◆ What you are asked to do: Since only part of the material below is wanted, output exactly the lines from the one with "Шишки марихуана планчик Волжский" up to and including the one with "仙魔同修第76话 莫劝大度".

◆ Records for the exercise:

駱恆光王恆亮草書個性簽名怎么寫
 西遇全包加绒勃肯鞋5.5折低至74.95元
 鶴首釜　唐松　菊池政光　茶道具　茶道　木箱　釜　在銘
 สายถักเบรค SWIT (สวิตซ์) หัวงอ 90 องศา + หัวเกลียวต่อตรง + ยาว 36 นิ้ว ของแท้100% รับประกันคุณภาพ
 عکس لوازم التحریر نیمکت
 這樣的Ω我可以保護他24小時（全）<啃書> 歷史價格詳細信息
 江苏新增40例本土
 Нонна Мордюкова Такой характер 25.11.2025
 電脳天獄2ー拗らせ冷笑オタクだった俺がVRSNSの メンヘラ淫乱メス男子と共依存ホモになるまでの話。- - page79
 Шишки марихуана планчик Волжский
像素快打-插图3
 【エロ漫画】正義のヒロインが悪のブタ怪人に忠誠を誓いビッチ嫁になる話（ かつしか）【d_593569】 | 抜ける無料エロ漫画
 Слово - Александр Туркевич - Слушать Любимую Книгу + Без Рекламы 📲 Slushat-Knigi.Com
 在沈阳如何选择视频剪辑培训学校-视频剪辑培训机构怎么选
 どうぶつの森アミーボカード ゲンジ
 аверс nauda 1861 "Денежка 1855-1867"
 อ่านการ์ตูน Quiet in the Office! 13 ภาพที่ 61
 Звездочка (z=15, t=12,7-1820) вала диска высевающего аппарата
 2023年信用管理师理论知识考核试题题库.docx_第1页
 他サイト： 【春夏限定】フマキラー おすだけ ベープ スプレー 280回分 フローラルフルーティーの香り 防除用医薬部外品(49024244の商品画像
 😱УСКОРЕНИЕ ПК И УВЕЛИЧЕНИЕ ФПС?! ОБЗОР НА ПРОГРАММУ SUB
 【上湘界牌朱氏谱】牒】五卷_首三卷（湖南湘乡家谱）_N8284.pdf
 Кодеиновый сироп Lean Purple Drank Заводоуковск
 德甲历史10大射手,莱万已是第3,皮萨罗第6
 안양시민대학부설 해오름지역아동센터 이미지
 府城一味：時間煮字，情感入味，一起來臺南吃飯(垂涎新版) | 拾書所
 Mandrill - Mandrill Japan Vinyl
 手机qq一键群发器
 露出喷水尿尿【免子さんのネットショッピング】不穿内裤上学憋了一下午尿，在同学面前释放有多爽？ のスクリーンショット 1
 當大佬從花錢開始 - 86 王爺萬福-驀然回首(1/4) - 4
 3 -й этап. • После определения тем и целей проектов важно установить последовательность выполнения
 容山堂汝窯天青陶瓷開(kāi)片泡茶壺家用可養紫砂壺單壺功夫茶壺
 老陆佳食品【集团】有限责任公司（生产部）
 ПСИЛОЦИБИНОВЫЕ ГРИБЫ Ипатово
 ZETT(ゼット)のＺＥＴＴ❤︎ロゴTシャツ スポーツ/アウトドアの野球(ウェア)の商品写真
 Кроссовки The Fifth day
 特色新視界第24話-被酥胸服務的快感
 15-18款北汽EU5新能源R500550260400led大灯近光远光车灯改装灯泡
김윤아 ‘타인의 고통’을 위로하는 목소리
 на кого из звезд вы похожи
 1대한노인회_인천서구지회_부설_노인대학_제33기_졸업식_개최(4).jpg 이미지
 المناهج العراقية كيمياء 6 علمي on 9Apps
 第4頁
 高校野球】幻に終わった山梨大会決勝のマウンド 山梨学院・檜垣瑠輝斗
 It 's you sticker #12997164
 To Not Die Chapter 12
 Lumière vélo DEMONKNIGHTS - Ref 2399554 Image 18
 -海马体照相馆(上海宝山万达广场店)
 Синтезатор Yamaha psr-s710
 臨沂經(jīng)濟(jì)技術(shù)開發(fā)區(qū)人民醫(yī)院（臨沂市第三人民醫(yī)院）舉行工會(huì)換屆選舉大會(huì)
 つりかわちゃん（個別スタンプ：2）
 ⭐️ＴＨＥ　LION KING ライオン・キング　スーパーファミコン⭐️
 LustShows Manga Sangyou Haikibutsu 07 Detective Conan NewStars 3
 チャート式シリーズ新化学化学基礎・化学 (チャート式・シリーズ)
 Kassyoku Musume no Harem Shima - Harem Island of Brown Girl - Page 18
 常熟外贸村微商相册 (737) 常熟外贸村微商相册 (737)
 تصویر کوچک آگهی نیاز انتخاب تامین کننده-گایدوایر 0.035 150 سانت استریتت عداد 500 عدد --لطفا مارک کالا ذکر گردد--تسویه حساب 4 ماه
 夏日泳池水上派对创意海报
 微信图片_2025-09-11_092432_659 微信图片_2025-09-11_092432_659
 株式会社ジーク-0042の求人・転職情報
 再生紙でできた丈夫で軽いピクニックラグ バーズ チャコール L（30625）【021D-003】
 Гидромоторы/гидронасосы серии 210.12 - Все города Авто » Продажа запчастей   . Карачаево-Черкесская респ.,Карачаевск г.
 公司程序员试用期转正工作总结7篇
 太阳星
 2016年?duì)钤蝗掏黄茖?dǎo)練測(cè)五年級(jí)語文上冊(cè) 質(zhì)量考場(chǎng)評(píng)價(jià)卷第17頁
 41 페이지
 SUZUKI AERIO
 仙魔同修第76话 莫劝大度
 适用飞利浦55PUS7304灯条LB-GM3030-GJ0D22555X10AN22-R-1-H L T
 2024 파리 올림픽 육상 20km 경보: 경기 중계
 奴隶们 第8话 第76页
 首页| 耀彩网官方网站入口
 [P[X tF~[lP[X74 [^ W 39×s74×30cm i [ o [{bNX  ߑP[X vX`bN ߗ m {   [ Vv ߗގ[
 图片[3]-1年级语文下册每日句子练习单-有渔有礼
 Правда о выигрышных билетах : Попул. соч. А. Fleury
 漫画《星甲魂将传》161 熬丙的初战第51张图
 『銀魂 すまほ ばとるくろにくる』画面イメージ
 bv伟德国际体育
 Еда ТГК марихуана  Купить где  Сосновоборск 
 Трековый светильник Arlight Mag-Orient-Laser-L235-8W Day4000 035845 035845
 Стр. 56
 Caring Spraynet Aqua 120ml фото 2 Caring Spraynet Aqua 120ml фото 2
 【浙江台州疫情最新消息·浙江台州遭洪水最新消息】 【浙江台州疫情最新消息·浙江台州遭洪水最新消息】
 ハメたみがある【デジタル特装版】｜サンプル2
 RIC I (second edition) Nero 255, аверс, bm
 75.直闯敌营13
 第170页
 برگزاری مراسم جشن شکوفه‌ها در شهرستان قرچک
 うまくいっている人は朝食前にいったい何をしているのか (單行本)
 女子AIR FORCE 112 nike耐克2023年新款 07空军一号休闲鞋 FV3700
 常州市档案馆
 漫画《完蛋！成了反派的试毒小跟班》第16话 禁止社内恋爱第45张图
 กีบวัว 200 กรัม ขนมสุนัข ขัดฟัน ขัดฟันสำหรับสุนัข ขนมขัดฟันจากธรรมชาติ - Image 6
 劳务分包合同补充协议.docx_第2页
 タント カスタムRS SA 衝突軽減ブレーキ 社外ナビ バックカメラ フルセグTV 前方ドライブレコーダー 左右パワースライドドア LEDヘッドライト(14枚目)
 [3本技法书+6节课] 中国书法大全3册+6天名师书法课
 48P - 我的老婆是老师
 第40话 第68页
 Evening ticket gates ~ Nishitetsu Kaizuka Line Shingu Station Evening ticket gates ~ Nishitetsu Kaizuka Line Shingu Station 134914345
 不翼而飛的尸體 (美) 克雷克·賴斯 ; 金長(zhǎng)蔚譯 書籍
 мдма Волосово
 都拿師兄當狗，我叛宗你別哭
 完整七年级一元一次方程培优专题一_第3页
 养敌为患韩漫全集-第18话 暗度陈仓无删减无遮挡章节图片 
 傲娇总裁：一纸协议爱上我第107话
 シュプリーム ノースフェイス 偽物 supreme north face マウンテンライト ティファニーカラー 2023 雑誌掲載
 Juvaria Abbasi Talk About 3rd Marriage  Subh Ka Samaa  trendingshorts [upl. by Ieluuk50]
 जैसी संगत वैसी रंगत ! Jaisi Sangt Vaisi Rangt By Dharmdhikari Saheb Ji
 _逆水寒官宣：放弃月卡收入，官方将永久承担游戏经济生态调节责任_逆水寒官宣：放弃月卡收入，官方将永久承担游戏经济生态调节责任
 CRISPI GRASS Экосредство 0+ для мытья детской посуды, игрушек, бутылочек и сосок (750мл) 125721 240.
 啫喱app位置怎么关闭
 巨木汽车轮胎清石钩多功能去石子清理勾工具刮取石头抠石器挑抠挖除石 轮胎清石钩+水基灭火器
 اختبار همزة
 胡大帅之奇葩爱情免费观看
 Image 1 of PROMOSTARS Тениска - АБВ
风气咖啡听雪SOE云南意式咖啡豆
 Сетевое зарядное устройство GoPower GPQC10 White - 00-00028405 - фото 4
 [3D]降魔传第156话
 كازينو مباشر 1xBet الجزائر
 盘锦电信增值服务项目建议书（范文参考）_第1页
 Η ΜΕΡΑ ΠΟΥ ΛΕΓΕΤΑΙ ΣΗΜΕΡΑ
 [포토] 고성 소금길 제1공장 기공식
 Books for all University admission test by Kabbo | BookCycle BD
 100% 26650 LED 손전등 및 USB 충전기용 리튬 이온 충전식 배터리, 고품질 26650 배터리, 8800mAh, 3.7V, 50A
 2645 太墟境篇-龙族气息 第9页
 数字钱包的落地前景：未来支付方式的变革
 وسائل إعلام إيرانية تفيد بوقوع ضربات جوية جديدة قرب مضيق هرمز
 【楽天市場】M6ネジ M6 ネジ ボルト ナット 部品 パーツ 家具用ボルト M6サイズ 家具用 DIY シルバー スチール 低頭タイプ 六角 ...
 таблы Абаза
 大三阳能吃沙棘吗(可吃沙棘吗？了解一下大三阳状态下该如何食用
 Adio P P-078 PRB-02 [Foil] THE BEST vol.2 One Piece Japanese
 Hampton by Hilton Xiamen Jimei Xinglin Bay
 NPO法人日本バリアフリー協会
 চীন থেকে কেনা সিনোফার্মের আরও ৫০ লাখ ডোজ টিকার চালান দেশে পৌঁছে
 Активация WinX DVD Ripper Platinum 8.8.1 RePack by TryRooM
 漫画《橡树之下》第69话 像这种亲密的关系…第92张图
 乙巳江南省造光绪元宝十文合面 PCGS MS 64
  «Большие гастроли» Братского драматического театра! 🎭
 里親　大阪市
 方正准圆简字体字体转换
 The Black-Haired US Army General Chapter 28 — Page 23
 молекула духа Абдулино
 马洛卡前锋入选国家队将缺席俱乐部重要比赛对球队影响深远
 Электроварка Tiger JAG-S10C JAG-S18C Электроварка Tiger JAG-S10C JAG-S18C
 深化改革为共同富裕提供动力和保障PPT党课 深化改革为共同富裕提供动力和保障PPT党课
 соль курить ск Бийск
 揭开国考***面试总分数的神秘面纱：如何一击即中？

◆ Exercise response:
 Шишки марихуана планчик Волжский
像素快打-插图3
 【エロ漫画】正義のヒロインが悪のブタ怪人に忠誠を誓いビッチ嫁になる話（ かつしか）【d_593569】 | 抜ける無料エロ漫画
 Слово - Александр Туркевич - Слушать Любимую Книгу + Без Рекламы 📲 Slushat-Knigi.Com
 在沈阳如何选择视频剪辑培训学校-视频剪辑培训机构怎么选
 どうぶつの森アミーボカード ゲンジ
 аверс nauda 1861 "Денежка 1855-1867"
 อ่านการ์ตูน Quiet in the Office! 13 ภาพที่ 61
 Звездочка (z=15, t=12,7-1820) вала диска высевающего аппарата
 2023年信用管理师理论知识考核试题题库.docx_第1页
 他サイト： 【春夏限定】フマキラー おすだけ ベープ スプレー 280回分 フローラルフルーティーの香り 防除用医薬部外品(49024244の商品画像
 😱УСКОРЕНИЕ ПК И УВЕЛИЧЕНИЕ ФПС?! ОБЗОР НА ПРОГРАММУ SUB
 【上湘界牌朱氏谱】牒】五卷_首三卷（湖南湘乡家谱）_N8284.pdf
 Кодеиновый сироп Lean Purple Drank Заводоуковск
 德甲历史10大射手,莱万已是第3,皮萨罗第6
 안양시민대학부설 해오름지역아동센터 이미지
 府城一味：時間煮字，情感入味，一起來臺南吃飯(垂涎新版) | 拾書所
 Mandrill - Mandrill Japan Vinyl
 手机qq一键群发器
 露出喷水尿尿【免子さんのネットショッピング】不穿内裤上学憋了一下午尿，在同学面前释放有多爽？ のスクリーンショット 1
 當大佬從花錢開始 - 86 王爺萬福-驀然回首(1/4) - 4
 3 -й этап. • После определения тем и целей проектов важно установить последовательность выполнения
 容山堂汝窯天青陶瓷開(kāi)片泡茶壺家用可養紫砂壺單壺功夫茶壺
 老陆佳食品【集团】有限责任公司（生产部）
 ПСИЛОЦИБИНОВЫЕ ГРИБЫ Ипатово
 ZETT(ゼット)のＺＥＴＴ❤︎ロゴTシャツ スポーツ/アウトドアの野球(ウェア)の商品写真
 Кроссовки The Fifth day
 特色新視界第24話-被酥胸服務的快感
 15-18款北汽EU5新能源R500550260400led大灯近光远光车灯改装灯泡
김윤아 ‘타인의 고통’을 위로하는 목소리
 на кого из звезд вы похожи
 1대한노인회_인천서구지회_부설_노인대학_제33기_졸업식_개최(4).jpg 이미지
 المناهج العراقية كيمياء 6 علمي on 9Apps
 第4頁
 高校野球】幻に終わった山梨大会決勝のマウンド 山梨学院・檜垣瑠輝斗
 It 's you sticker #12997164
 To Not Die Chapter 12
 Lumière vélo DEMONKNIGHTS - Ref 2399554 Image 18
 -海马体照相馆(上海宝山万达广场店)
 Синтезатор Yamaha psr-s710
 臨沂經(jīng)濟(jì)技術(shù)開發(fā)區(qū)人民醫(yī)院（臨沂市第三人民醫(yī)院）舉行工會(huì)換屆選舉大會(huì)
 つりかわちゃん（個別スタンプ：2）
 ⭐️ＴＨＥ　LION KING ライオン・キング　スーパーファミコン⭐️
 LustShows Manga Sangyou Haikibutsu 07 Detective Conan NewStars 3
 チャート式シリーズ新化学化学基礎・化学 (チャート式・シリーズ)
 Kassyoku Musume no Harem Shima - Harem Island of Brown Girl - Page 18
 常熟外贸村微商相册 (737) 常熟外贸村微商相册 (737)
 تصویر کوچک آگهی نیاز انتخاب تامین کننده-گایدوایر 0.035 150 سانت استریتت عداد 500 عدد --لطفا مارک کالا ذکر گردد--تسویه حساب 4 ماه
 夏日泳池水上派对创意海报
 微信图片_2025-09-11_092432_659 微信图片_2025-09-11_092432_659
 株式会社ジーク-0042の求人・転職情報
 再生紙でできた丈夫で軽いピクニックラグ バーズ チャコール L（30625）【021D-003】
 Гидромоторы/гидронасосы серии 210.12 - Все города Авто » Продажа запчастей   . Карачаево-Черкесская респ.,Карачаевск г.
 公司程序员试用期转正工作总结7篇
 太阳星
 2016年?duì)钤蝗掏黄茖?dǎo)練測(cè)五年級(jí)語文上冊(cè) 質(zhì)量考場(chǎng)評(píng)價(jià)卷第17頁
 41 페이지
 SUZUKI AERIO
 仙魔同修第76话 莫劝大度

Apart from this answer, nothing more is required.